Due to another innovation straight out of MIT’s media lab, cuddly interactive
robots should soon be roaming the halls of hospitals, simultaneously creeping people out and helping the sick get better.
MIT’s Huggable robot, even in its current uncompleted state, is a technical marvel of communications and data accumulation.
The bear is lined with over 1500 sensors for direct data transmission, has cameras for eyes, a microphone field in the ears, and has an internal wireless PC. The ear mics give the robot ‘sound localization’ so it can directly interact with people in space, but the visual context from the cameras is even more impressive.

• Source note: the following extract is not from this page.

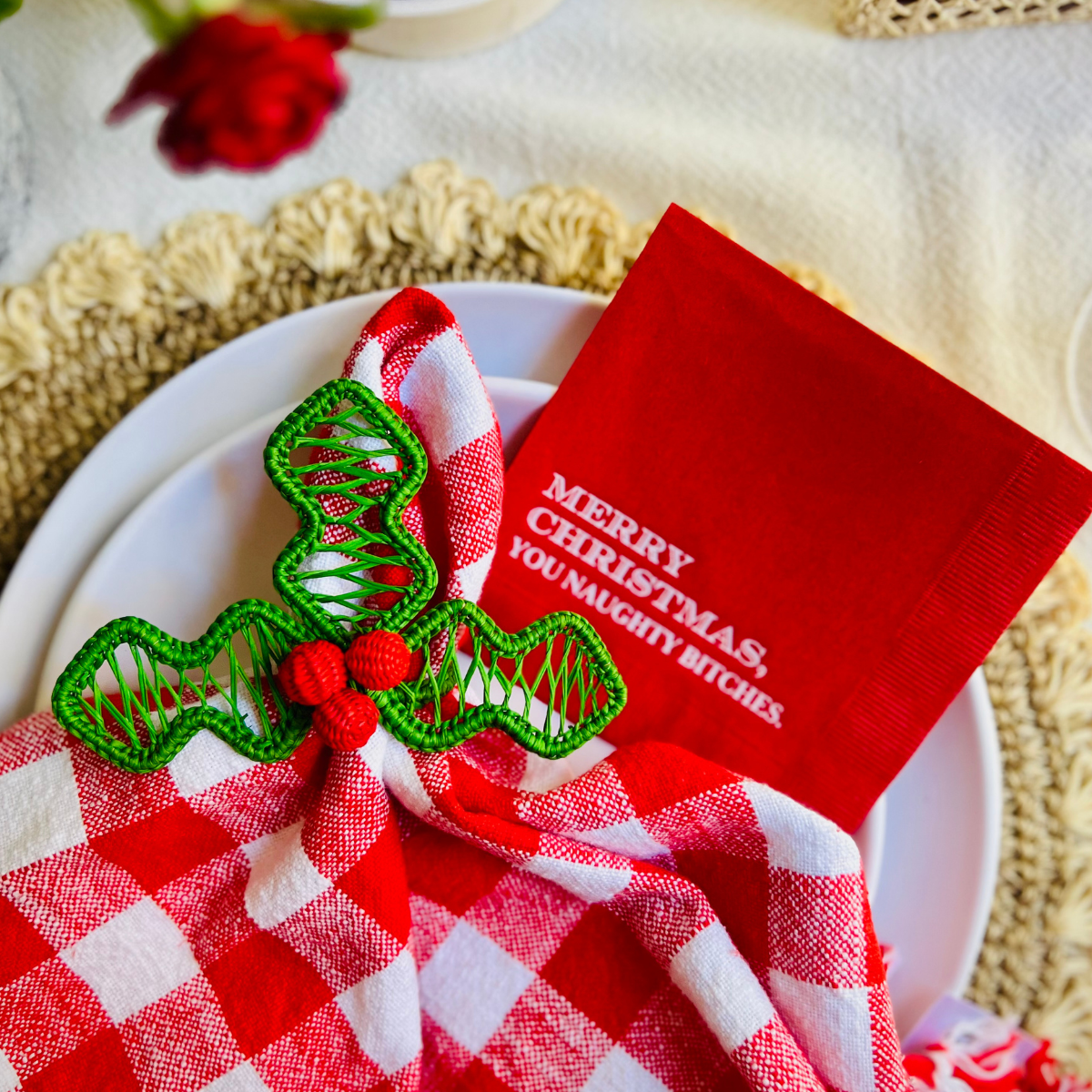Merry Christmas, You Naughty Bitches Fun Cocktail Napkins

Because the camera in the bear’s eyes has a narrow field of vision, Media Lab personnel had to create a visual interface called ‘stale panorama’ to raise its space awareness. The robot takes separate video frames automatically when it is placed in any new room, by pointing its head around the room. The software that helps run the robot then mods the pics together into one large canvas, and when it’s combined with an automatic face detection feature, allows the bear bot to naturally follow a person around the room, face-to-face.

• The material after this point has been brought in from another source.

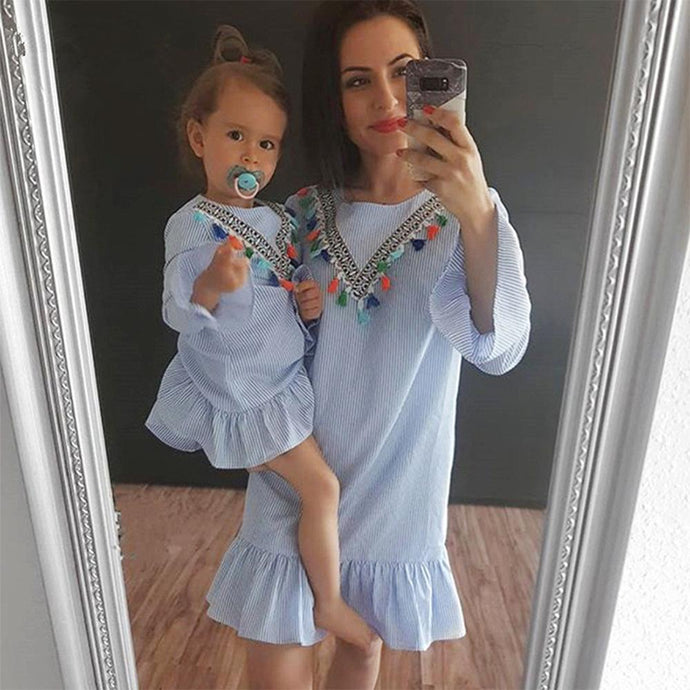 Parent-child Suit Ruffle Sleeve Stripe Dress Tassel Flying Sleeve O-Neck Summer Fashion Dresses  Travel Outdoor Party Dress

It also has an internal measurement unit that allow the bear to know its tilting orientations. But it’s the sensitivity of the sensors that are probably the most interesting for the future of touch-based physical applications.
Made of silicon, the sensors record electrical field, force and temperature data everytime the bear’s body parts are touched. It understands nine classes of affective touch: tickling, patting, poking, scratching, rubbing, squeezing, slapping, petting and light contact. From each of these, the bear is supposed to mimic a human-like response, eventually building an extensive database of appropriate replies and improving its function.
Since touch therapy is effective for sick patients, the bear is currently being looked at as a potential animal companion in hospitals.